ダンスが本当に大変で、たかみな(高橋みなみ)と一緒によく居残りしてました。「なんで入っちゃったんだろう……」と思うくらい、しんどかったです。今でも思うのですが、ダンスがこんなにも苦手なのに、よくアイドルになれたなって(笑)。選抜に入れたのも本当にファンの皆さんのおかげです。

不得意なことがあっても、自分の得意なことを最大限に生かせるのがAKB48なのかなと。「ダンスもできないのにアイドル!? それもチームリーダー!?」と驚く人もいると思うんです。たかみなはすごく頑張ってダンスもできるようになったけど、私はどんなに頑張っても全然ダメで……それでもグループのなかで自分の可能性を見出せるポジションを与えてくれたのが秋元先生で、「AKB48ってすごいな」と改めて思いますね。

――メンバーをまとめる上で、意識されていたことはありますか?

気持ちの面でサポートしながら、社会人として基本的なことを伝えてあげられたらと思っていました。小さなことなんですけど、「楽屋が散らかったままになっていたら、片付けようね」「挨拶はちゃんとしようね」と注意したり。まだすごく若くて、アルバイトもしたことがない子たちも多かったので、社会人経験のある自分が教えてあげなきゃなって。

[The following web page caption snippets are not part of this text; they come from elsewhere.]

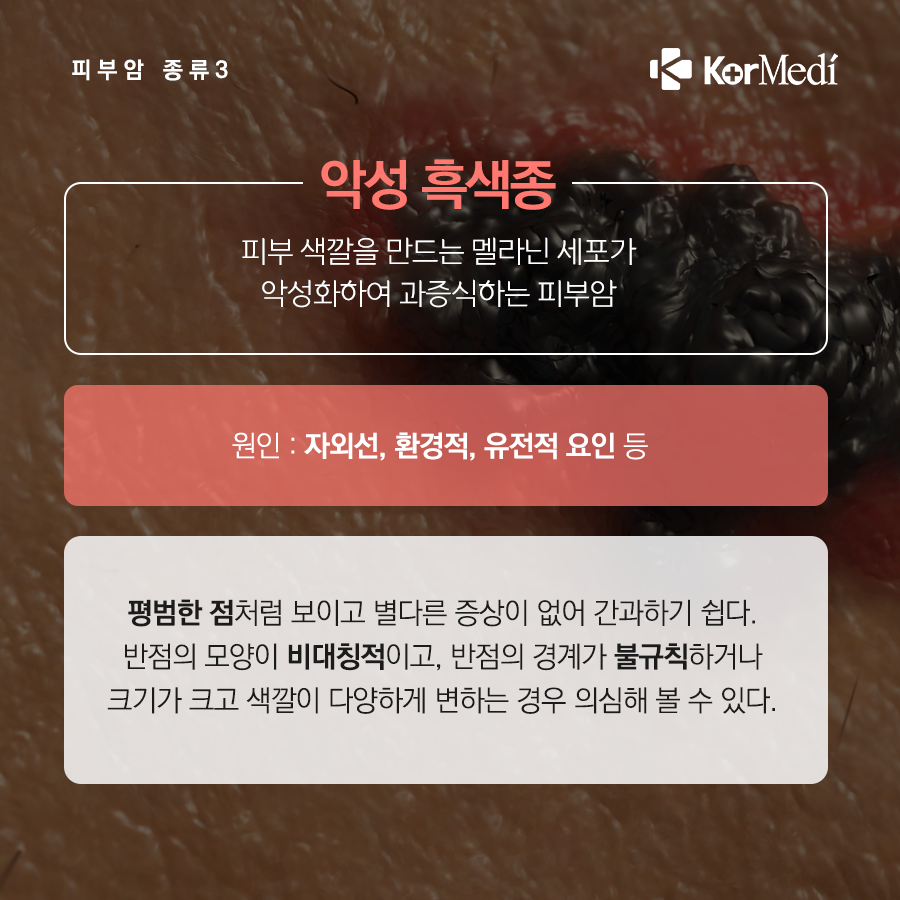 0516_코메디닷컴_점인가_했는데_피부암_07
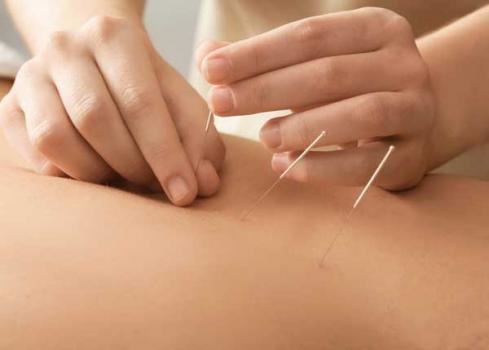 Image for Peak Physical Therapy & Wellness - Parker with ID of: 4769272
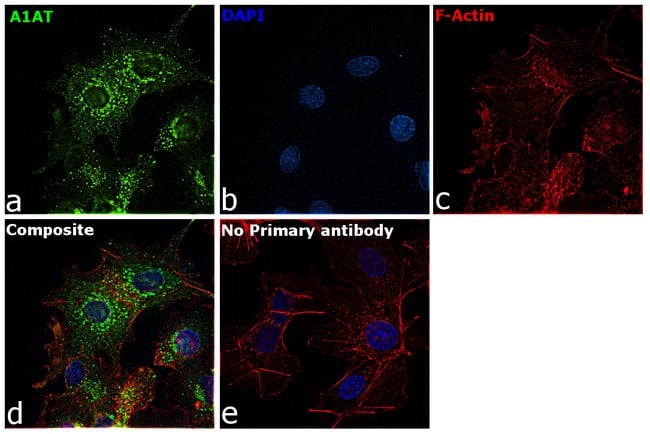 ALPHA-1 ANTITRYPSIN
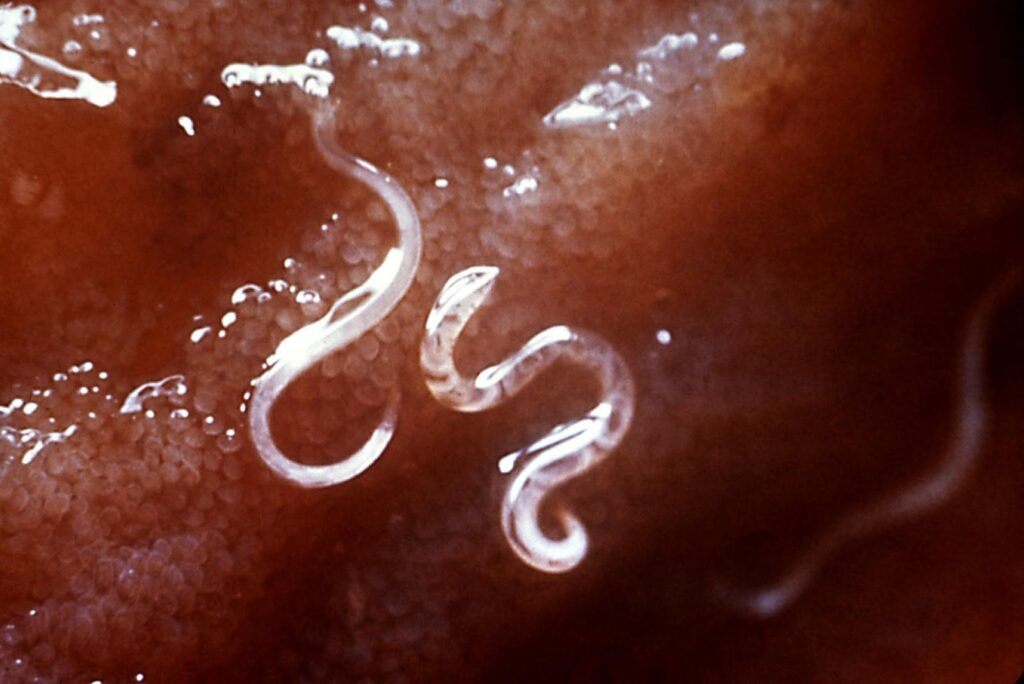 Parasiten Mittel Apotheke: Welche Präparate helfen wirklich?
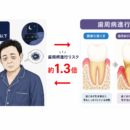 睡眠時間と歯周病の進行との関連について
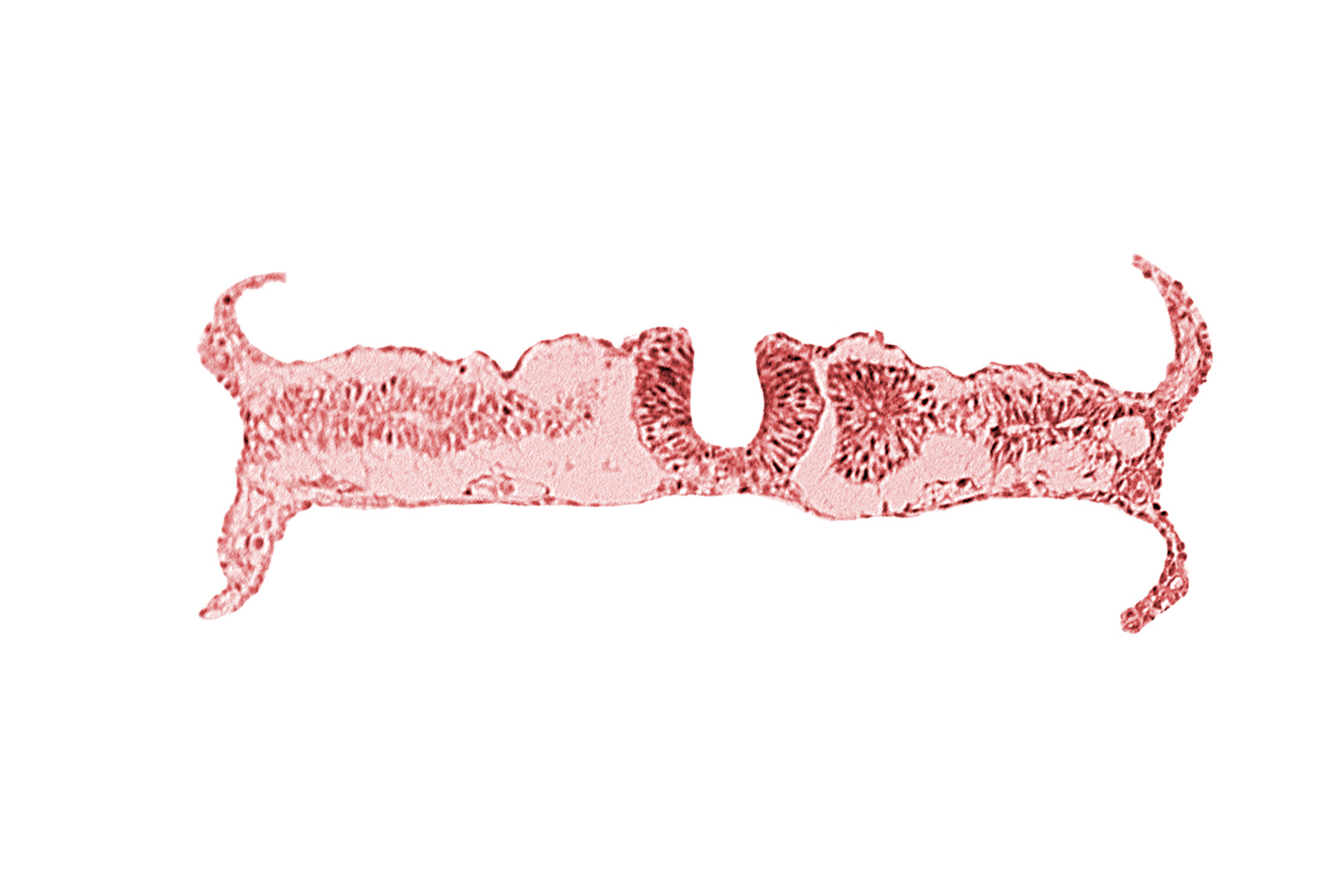 amnion attachment, amniotic cavity, caudal neuropore, dorsal aorta, extra-embryonic coelom, midgut, nephrogenic cord, right umbilical vein, somite 6 (C-2), somitocoel 6, umbilical vesicle cavity, umbilical vesicle wall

――AKB48加入前の社会人経験が見事に生きたわけですね。ご自身がダンスに苦労するなかで、リーダーとしての役割も果たすのは大変ではなかったんですか?

自分ができないことは、他の誰かが助けてくれるから大丈夫だと思っていました。チームのメンバーが「シンディーはダンスができないから」と言って教えてくれたり、ダンスの先生も私用に優しい振りを作ってくれて、それでもプロとして成立するものにしてくれたり。みんなの支えがなかったら、リーダーも続けられなかったかもしれません。でも、今のAKB48だったら、私はそもそもグループに入れていなかっただろうなと思います(笑)。それくらい、今の子たちはダンスのクオリティがすごくて。